# What you have to do
Return all of the entries exactly, but do not include the pictures.

[Captioned web images]
------------------------------------

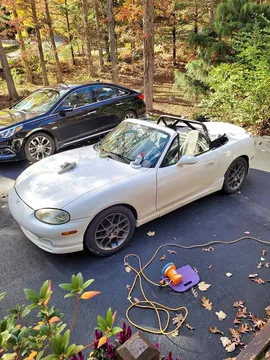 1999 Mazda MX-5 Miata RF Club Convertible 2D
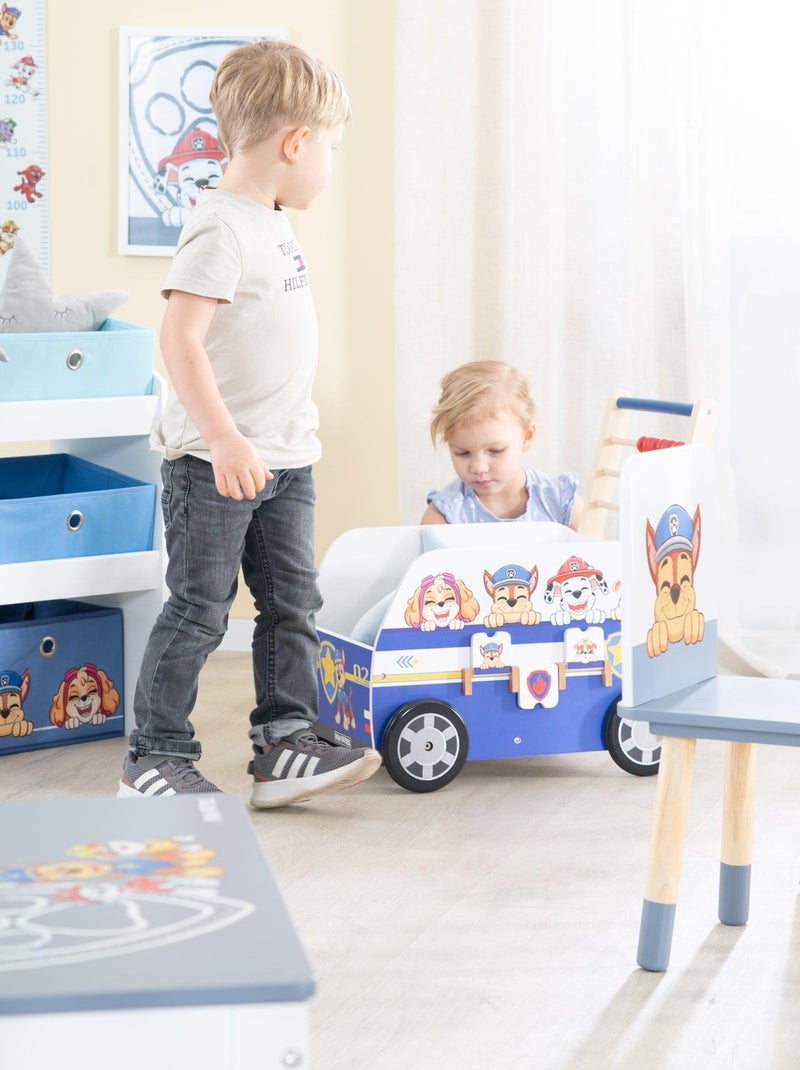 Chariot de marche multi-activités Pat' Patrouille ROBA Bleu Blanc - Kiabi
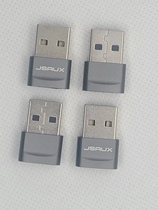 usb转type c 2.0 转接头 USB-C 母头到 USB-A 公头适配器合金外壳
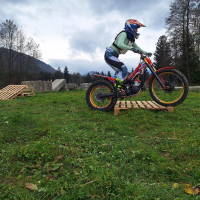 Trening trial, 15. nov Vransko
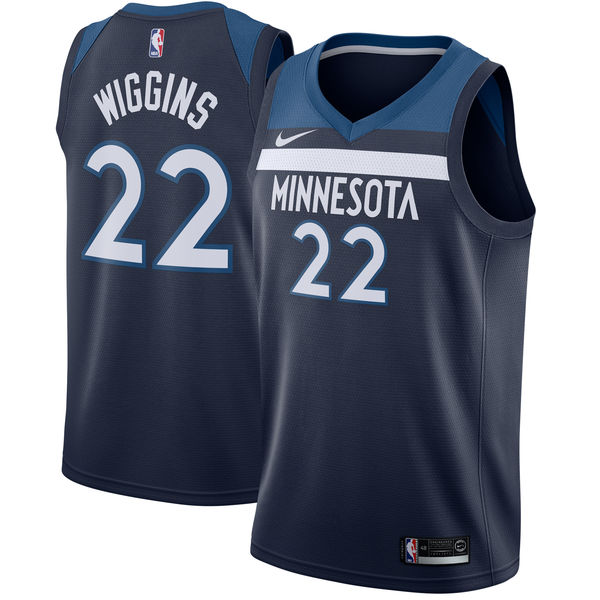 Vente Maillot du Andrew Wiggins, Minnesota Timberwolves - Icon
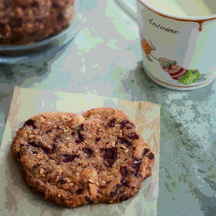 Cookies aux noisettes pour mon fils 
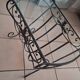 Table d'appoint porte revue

------------------------------------

# Answer box
 1999 Mazda MX-5 Miata RF Club Convertible 2D
 Chariot de marche multi-activités Pat' Patrouille ROBA Bleu Blanc - Kiabi
 usb转type c 2.0 转接头 USB-C 母头到 USB-A 公头适配器合金外壳
 Trening trial, 15. nov Vransko
 Vente Maillot du Andrew Wiggins, Minnesota Timberwolves - Icon
 Cookies aux noisettes pour mon fils 
 Table d'appoint porte revue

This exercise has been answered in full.